20 Christmas Songs That Don't Suck

We wish you a funky (and non-sucky) Christmas.EXPAND
We wish you a funky (and non-sucky) Christmas.

Does hearing Andy Williams bray, "It's the most wonderful time of the year!" every time you go to the grocery store in December (and, increasingly, November) fill you with inchoate rage? You're not alone. Most Christmas and holiday music can be pretty insufferable, especially when you're stuck in the slowest checkout line and it's one of those shopworn "classics" that's been rammed down our collective throats since before your parents found out Santa's not real. And this year, for many of us (read: Trump haters), all that forced jollity, merriment and Jesus-in-a-manger stuff can be even harder to swallow.

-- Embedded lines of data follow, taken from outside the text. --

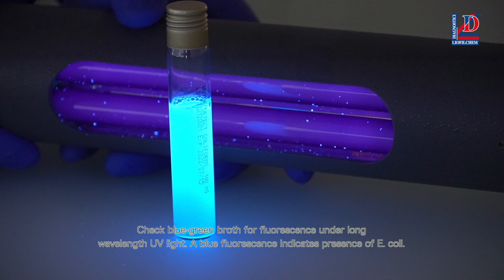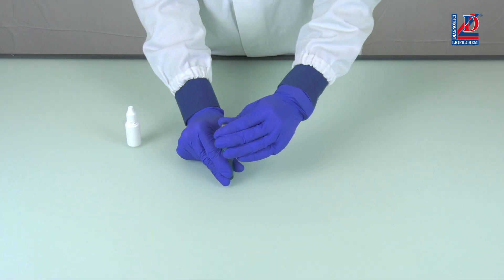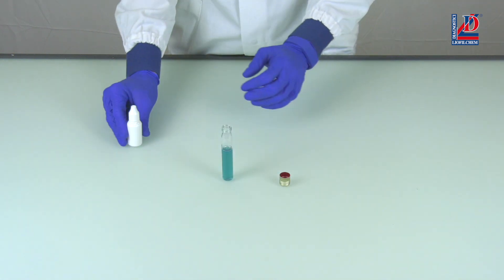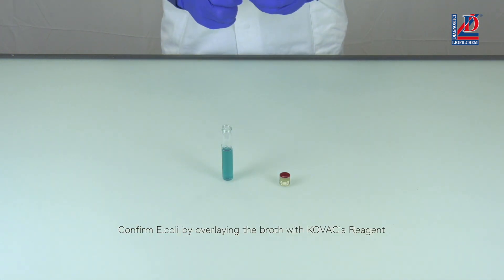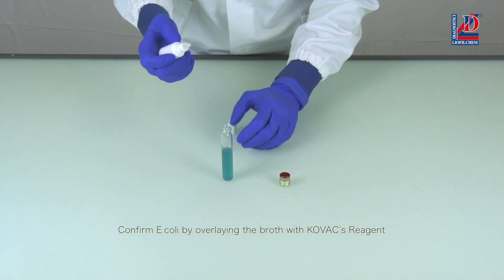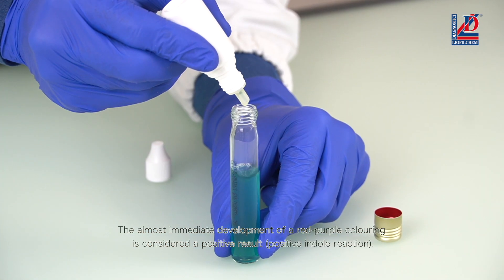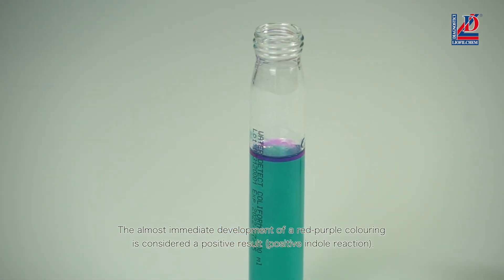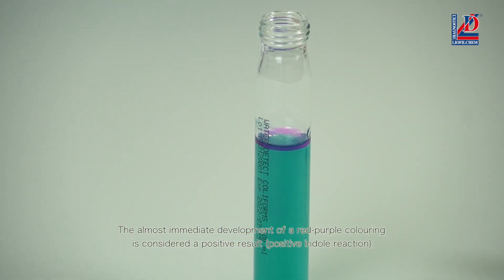A blue fluorescence indicates presence of E. coli. Confirm E. coli by overlaying the broth with COVAX reagent. The almost immediate development of a red-purple coloring is considered a positive result.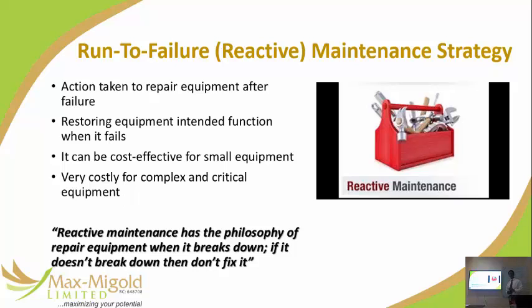Run to failure — it's also called reactive maintenance. It is an action taken to repair equipment after it has failed. Simply put: don't fix it if it ain't broken.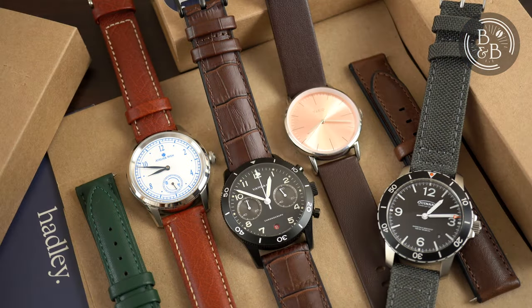All of these straps come with quick release pins, so strap changes are almost effortless. I hope you enjoyed looking at some of these straps and feel free to ask me any questions in the comments. Thanks for watching.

But like the holidays themselves, Christmas music isn't all bad. Some of it manages to cut through the rampant phoniness and consumerism and evoke the emotions that are most people's favorite part of the holidays: love, nostalgia, gratitude, warm familial vibes. Other Christmas songs subvert the "spirit of the season" in clever, cathartic ways. And the really, really good stuff manages to do both at once.

We polled L.A. Weekly's crack team of music nerds and assembled the following list of holiday songs that don't turn us into total Grinches. A few are old favorites that have survived heavy rotation; most are overlooked gems you probably haven't heard in years, or maybe never heard at all. We hope they'll fill your hearts with joy — or at least not make you want to leave us a lump of coal in the comments.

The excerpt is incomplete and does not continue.